I was enormeously lucky in that a patron at the pet store saw me with Yaniv and connected me to a Saintly woman who came to my house immediately after work and taught me everything I was doing wrong, and since then Yaniv not only has stopped crying all the time and started to sleep, but looks in bliss. And if he cries, it's either pee, poo, feed or warmth. 

The heating pad (which I hadn't used in over 15 years), turned out a blessing. I have it on one side of the box, so Yaniv crawls there when cold and to the other side when too warm.

And we've had our first poo, a big celebration! Poor thing had to make so much effort he fell immediately asleep afterwards. And he's not constipated.

Wow, now that I think about it, I should post photos of Yaniv! I'm always nudging to see photos of everyone's cats here, how I didn't think about it!


----------



## Lenkolas (Jan 18, 2011)

Awwwww I'm so happy for Yaniv and you! You are a wonderful person, thank you so much for giving this little one a chance.

You're doing great and everything will be ok, you'll see. I just want to give you a lot of support and good vibes.

(which country are you from?)

YEAH PICS! we'll be waiting


----------



## MowMow (Nov 6, 2010)

very good! I look forward to seeing pictures of him.


----------



## Fyreflie (Mar 5, 2011)

Oh, yes, please, pictures! And so wonderful that he's doing fine  You're doing a great job!


----------



## Kobster (Feb 1, 2007)

wonderful news! Long may it continue!


----------



## Goldtanker (Jan 9, 2011)

Excellent! :thumb


----------



## Mitts & Tess (Sep 4, 2004)

so happy to hear he is doing great. Im happy to hear another cat lover was there to coach you. Cant wait for pictures!


----------



## Straysmommy (Dec 23, 2010)

I'm planning on taking photos today, asap. I was exhausted yesterday.

Yaniv doesn't cry anymore. He basically eats, goes to the toilet, snuggles with mommy in the big bed and falls asleep again, between her neck and jaw for warmth. He's now over 4 oz (130 grs.), he's growing and very strong.


----------



## paperbacknovel (Jun 9, 2010)

Bless you for taking care of him!

It's so sad to think of how scared and alone he was, in a big, scary new world. But then you found him and first he wasn't sure what was going on. And now he knows that he is safe and loved, and even though he doesn't have the mommy he expected to have, he has a mommy who cares for him and loves him, and he loves and trusts you in return.


----------



## Straysmommy (Dec 23, 2010)

paperbacknovel, that is EXACTLY how it is, yes!

I'm sorry about the photos, they came out so bad I didn't post them. Someone who's been giving me advice will come tonight and help me take decent pictures. He squirms so much it's been impossible.

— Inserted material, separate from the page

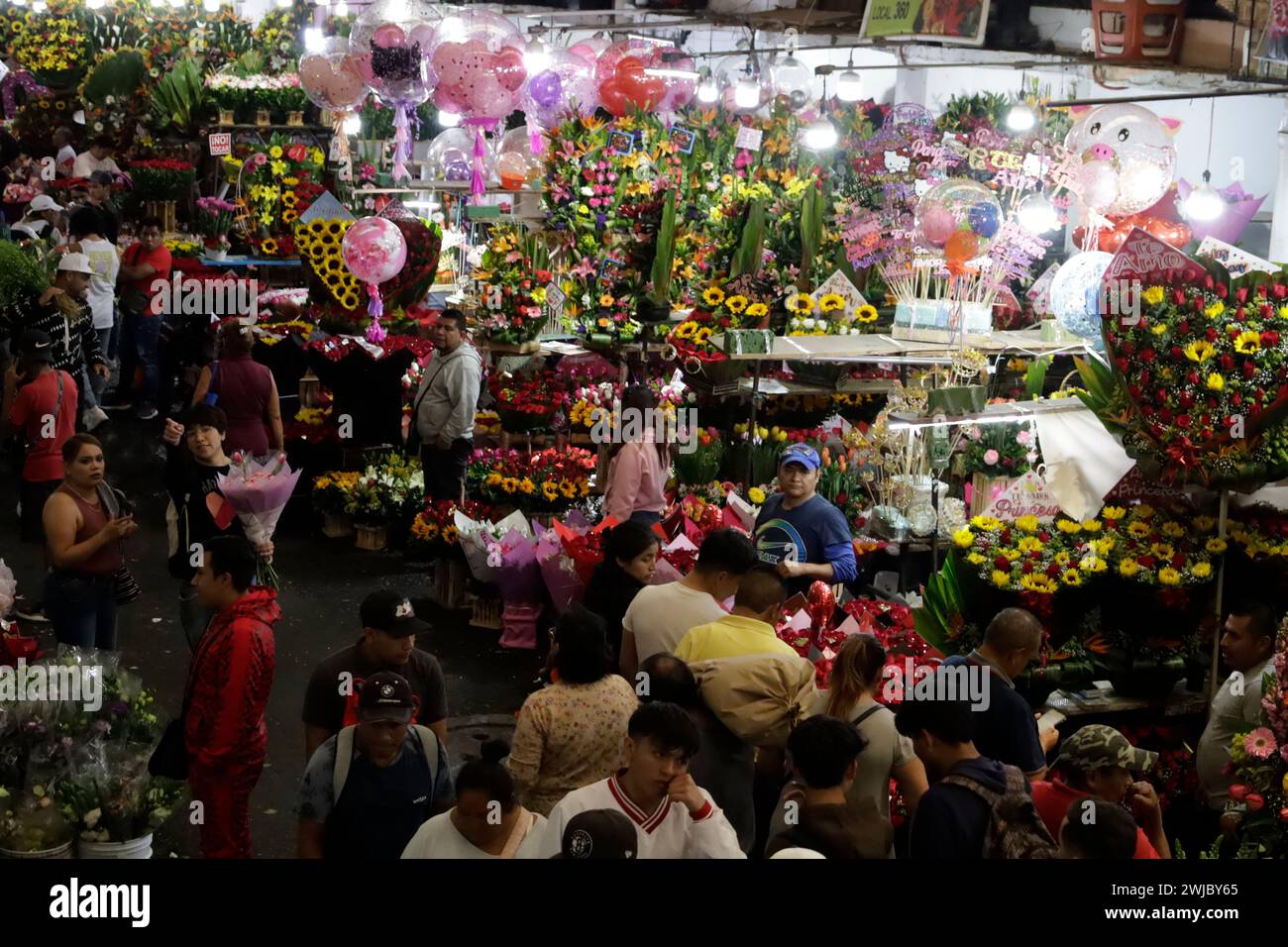 Mexico, Mexique. 13 février 2024. Les personnes assistent au marché aux fleurs pour magasiner des arrangements floraux avant la célébration de la Saint-Valentin. Le 13 février 2024 à Mexico, Mexique (crédit image : © Luis Barron/eyepix via ZUMA Press Wire) USAGE ÉDITORIAL SEULEMENT! Non destiné à UN USAGE commercial ! Banque D'Images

He's doing wonderfully. He eats a lot and uses the toilet a lot, and he's loving the artificial mother cat I made him (a roll of faux fur I had at home, which I laid over the heating pad). He sleeps snuggled to it, kneads and suckles it.


----------



## Carmel (Nov 23, 2010)

Phew! So glad to hear things are alright now! I suppose you might be thinking of keeping the kitten now...?


----------



## konstargirl (Feb 4, 2011)

Aww!! He sounds so cute. Maybe when he's bigger( A lot bigger), you can introduced him to prince to see how he feels. Looking forward to pictures and progress. And glad he's doing well. now you got two cats. lol


----------



## Lieke (Jan 12, 2011)

Great, great job! Good to hear that he is doing so well, and that you are lessed stressed about it too. <3


----------



## Straysmommy (Dec 23, 2010)

I was extremely lucky to find this woman who's been a phonecall away in the last 2 days and she has a lot of experience raising orphaned kittens from scratch.

I made all the mistakes in the book anyway, of course, but I'm learning.

Carmel, yes, I'm thinking of keeping him. Today at 1 pm the phone rang and I was busy grabbing something to eat while I got Prince's food ready and Yaniv's bottle ready. I thought "I'll call back later and tell them we were busy having lunch." That moment I realized how beautiful it sounded, like we are a family, like I have a family now. Three lonely strays forming a family may not be such a bad idea...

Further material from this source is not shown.